And almost since the day the Warren Commission issued its report, it has been criticized for being implausible, unconvincing and grossly slipshod in its investigation procedures -- particularly for failing to collect 100 percent of the evidence, and for failing to analyze evidence it had collected -- and for other serious violations of basic protocols for criminal investigations.
Later, in 1978, a second investigation, by the U.S. House Select Committee on Assassinations, concluded that President Kennedy was very likely assassinated as a result of a plot/conspiracy, but the committee was unable to identify the other gunmen or the extent of the conspiracy.
To date, there’s no “smoking gun,” or, in other words, there’s no incontrovertible evidence of a plot/conspiracy to assassinate President Kennedy, but there is a pattern of suspicious activity, along with a series of anomalies and a commonality of interests among key parties that compel additional research and the release to the public of key documents.

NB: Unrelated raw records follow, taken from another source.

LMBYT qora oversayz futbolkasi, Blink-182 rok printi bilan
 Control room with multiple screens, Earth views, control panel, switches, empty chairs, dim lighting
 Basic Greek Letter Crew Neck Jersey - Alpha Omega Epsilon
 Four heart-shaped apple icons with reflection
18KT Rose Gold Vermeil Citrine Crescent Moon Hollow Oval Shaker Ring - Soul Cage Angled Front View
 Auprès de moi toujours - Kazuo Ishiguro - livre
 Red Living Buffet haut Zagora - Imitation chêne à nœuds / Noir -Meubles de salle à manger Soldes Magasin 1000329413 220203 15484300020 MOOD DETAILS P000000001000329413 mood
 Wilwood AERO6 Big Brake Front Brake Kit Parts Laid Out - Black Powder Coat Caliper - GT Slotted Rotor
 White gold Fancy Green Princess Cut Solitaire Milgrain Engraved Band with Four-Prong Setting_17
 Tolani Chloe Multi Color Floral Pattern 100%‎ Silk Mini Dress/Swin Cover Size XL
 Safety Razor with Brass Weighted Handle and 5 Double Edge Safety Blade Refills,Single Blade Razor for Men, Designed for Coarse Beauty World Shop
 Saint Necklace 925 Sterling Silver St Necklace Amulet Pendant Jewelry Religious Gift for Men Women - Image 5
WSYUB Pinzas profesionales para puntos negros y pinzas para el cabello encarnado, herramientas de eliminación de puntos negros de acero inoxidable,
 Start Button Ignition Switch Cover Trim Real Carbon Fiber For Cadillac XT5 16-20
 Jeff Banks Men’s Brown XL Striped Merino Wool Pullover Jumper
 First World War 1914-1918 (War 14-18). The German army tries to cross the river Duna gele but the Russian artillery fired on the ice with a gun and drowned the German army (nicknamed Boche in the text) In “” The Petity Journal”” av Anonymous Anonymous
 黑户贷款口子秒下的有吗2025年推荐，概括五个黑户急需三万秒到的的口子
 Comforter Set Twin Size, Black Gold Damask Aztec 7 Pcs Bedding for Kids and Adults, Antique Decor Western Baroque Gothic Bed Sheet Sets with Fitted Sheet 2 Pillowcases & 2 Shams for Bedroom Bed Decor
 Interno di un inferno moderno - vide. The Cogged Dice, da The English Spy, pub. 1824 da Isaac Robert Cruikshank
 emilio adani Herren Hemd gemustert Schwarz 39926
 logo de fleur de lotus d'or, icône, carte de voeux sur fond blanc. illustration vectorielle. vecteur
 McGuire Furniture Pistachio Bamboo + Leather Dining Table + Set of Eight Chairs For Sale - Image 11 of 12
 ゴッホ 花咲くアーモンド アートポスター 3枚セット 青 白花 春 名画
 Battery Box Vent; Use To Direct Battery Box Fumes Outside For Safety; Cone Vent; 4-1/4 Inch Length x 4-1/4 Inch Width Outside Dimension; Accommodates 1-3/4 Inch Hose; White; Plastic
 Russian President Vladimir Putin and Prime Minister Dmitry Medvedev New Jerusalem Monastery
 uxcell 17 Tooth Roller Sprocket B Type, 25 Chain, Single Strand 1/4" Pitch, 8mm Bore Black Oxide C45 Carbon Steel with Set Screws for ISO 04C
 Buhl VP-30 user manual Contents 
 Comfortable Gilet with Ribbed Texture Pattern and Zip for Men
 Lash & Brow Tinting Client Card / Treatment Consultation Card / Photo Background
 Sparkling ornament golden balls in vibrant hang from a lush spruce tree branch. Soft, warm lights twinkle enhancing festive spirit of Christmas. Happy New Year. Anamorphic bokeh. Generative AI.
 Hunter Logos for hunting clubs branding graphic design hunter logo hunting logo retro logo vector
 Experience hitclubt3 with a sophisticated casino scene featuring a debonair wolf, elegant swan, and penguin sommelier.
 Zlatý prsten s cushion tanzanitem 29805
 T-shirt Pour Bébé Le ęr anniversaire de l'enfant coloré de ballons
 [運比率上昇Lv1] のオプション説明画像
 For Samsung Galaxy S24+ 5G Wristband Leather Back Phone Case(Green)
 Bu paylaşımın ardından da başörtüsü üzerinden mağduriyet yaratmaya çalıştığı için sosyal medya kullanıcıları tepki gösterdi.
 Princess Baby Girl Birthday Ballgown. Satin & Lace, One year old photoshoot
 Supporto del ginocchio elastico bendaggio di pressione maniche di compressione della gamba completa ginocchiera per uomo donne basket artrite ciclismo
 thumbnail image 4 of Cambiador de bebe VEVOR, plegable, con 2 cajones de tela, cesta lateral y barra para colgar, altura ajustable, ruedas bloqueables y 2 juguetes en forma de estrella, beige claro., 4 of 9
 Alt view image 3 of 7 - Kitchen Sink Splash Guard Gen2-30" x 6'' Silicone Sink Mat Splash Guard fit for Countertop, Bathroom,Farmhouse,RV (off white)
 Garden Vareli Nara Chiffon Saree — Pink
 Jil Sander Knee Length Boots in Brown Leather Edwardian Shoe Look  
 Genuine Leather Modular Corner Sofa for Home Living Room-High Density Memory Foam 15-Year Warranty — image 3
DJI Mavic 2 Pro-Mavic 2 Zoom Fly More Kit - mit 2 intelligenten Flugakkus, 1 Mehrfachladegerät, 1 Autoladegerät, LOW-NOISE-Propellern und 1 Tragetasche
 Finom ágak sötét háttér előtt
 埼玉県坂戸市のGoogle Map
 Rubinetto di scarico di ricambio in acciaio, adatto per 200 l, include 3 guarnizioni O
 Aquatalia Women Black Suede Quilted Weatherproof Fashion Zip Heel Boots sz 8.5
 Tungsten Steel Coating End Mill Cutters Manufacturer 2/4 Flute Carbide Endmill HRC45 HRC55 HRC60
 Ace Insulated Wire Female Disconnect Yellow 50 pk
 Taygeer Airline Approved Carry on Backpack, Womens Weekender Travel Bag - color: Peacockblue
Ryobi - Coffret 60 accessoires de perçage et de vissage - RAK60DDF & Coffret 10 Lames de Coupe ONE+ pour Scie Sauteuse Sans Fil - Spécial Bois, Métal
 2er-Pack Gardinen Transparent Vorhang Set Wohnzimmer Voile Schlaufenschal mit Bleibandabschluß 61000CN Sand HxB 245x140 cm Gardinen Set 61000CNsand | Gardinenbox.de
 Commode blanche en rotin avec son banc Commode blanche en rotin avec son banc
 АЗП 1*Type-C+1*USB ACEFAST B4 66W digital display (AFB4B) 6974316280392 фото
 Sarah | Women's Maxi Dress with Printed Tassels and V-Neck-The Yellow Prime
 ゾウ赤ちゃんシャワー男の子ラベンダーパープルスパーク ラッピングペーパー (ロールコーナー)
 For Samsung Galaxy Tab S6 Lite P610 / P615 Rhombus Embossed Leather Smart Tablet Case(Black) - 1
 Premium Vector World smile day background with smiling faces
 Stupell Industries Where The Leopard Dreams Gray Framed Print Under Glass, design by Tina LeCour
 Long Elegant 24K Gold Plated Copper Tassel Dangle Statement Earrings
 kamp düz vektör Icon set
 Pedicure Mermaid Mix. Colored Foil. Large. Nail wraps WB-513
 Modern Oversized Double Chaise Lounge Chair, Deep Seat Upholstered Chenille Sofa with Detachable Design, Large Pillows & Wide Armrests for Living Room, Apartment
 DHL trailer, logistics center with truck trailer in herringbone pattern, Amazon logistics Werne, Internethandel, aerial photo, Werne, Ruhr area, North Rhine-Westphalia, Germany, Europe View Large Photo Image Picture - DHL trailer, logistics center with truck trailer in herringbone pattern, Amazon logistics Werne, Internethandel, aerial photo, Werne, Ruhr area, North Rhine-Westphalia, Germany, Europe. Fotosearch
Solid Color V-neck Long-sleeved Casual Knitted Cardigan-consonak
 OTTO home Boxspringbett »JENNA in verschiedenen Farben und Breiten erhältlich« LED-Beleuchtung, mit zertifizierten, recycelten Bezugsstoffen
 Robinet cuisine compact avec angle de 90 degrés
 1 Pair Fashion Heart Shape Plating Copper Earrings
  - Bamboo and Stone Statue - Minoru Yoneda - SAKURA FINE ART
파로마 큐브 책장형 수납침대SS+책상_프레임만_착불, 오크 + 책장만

With the above in mind, four files -- when made public by the Central Intelligence Agency -- will help determine what really happened on Nov. 22, 1963, in Dallas.
The files are ranked from least important (number 4) to most (number 1):
4) David Atlee Phillips
David Atlee Phillips’ operational and management files should be made public. A Central Intelligence Agency officer for 25 years, Phillips’ highest rank was as the CIA’s chief of operations in the Western Hemisphere. An adept and creative strategist, perhaps Phillips’ best skill was his conceptualization of psychological warfare operations.
Research also suggests that Phillips, while working undercover in 1963, was involved in pre-assassination surveillance of Lee Harvey Oswald.
JFKFacts.org Moderator Jefferson Morley, who is also an assassination researcher, said the CIA retains four files containing 606 pages of material on Phillips, who died in 1987.
3) Birch D. O’Neal
Birch D. O’Neal was head of the CIA’s counterintelligence office, which had tracked Lee Harvey Oswald from 1959 to 1963, and he reported to counterintelligence chief James Jesus Angleton. According to the House Select Committee on Assassinations, Angleton’s counterintelligence group opened a file on defector Oswald, and it also opened his mail under the CIA’s HTLINGUAL program run by O’Neal.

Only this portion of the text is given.